ABUJA, NIGERIA (BosNewsLife)– Christians in Nigeria’s restive north faced the prospect of more violence Friday, January, 4, as Islamic militants stepped up attacks that killed dozens of people, most of them Christians, since Christmas.

In one of the latest incidents confirmed Friday, January 4, about 100 gunmen overran a police headquarters and a government building in the town of Song, in Adamawa state, police spokesman Mohammed Ibrahim told reporters.

The militants set both buildings on fire in Thursday’s violence, Ibrahim said. Fire reportedly spread to a house near the police station, where a 64-year-old woman and her 4-year-old granddaughter died.

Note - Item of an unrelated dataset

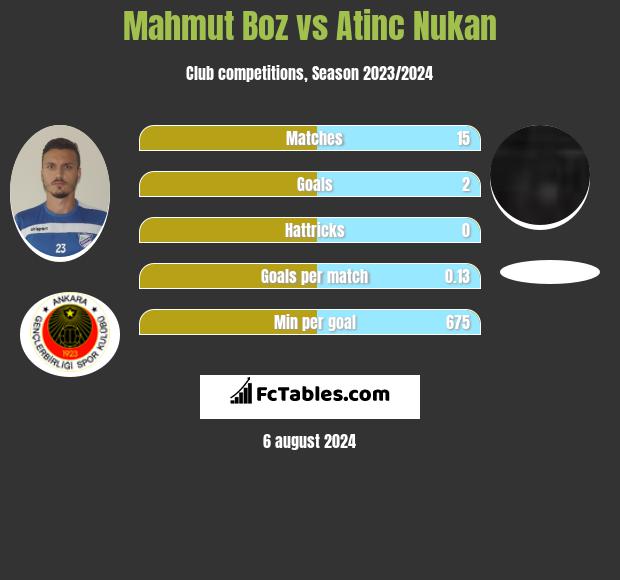 Mahmut Boz vs Atinc Nukan h2h player stats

A soldier and a police official were also killed, according to police investigators.

It came shortly after authorities claimed fighting between Nigerian government forces and the Boko Haram group in killed 13 suspected militants on New Year’s Day.

The Joint Task Force Operation Restore Order also lost one soldier during the afternoon gunfight in the isolated town of Maiduguri in Nigeria’s far northwest corner, said spokesman Sagir Musa.

‘WESTERN EDUCATION SIN’

Boko Haram, which means ‘Western education is a sin’, has taken the lives of at least 38 people since Christmas, including 27 Christians, officials said.

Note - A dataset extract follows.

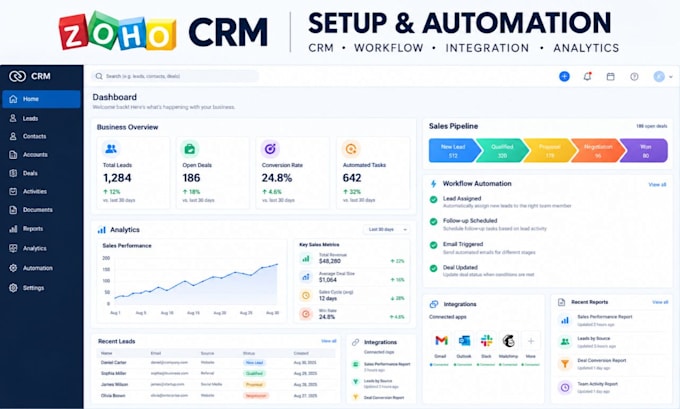 setup zoho crm, automation and zoho one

On Christmas Eve, attackers raided two churches, killing 12 people in the northern Nigerian state of Yobe.

The Evangelical Church of West Africa in Peri village near Potiskum, the economic capital of Yobe, was also set on fire in the attack, witnesses said.

In another attack that night, worshipers at the First Baptist Church in Maiduguri were reportedly shot by unknown gunman, leaving a deacon and five of his congregation dead

Six days later, suspected Boko Haram fighters killed at least 15 Christian worshipers, slitting some of their throats, in Musari, on the outskirts of Maiduguri, where the Islamic militants are based, according to Nigerian authorities.

“CHRISTIANS TO PERSEVERE”

“It has really been terrible,” said Archbishop Ignatius Ayau Kaigama, the Archbishop of the volatile city of Jos. “We cannot be overcome by fear and the violence of these evil people,” he told Vatican Radio in an interview.

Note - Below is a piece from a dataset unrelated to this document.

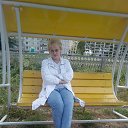 ���� �����������������, ������������ - ��������� 2 ������� 2020 � ������ ���� ����������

He said the Christians of Nigeria will persevere. “Their aim [of the Islamic militants] is to succeed to destroy the Christian faith, and we are convinced this is not possible, because our faith is a gift from God,” he added.

The U.S. State Department has accused Boko Haram of attacking mosques and churches to create tensions between the two religious groups.

The State Department has also condemned some of the group’s leaders for their alleged ties to the al-Qaida terror network.

Boko Haram, which fights for a strict Islamic state, has killed over 2,800 people since launching its violent campaign in 2009, according to advocacy group Human Rights Watch.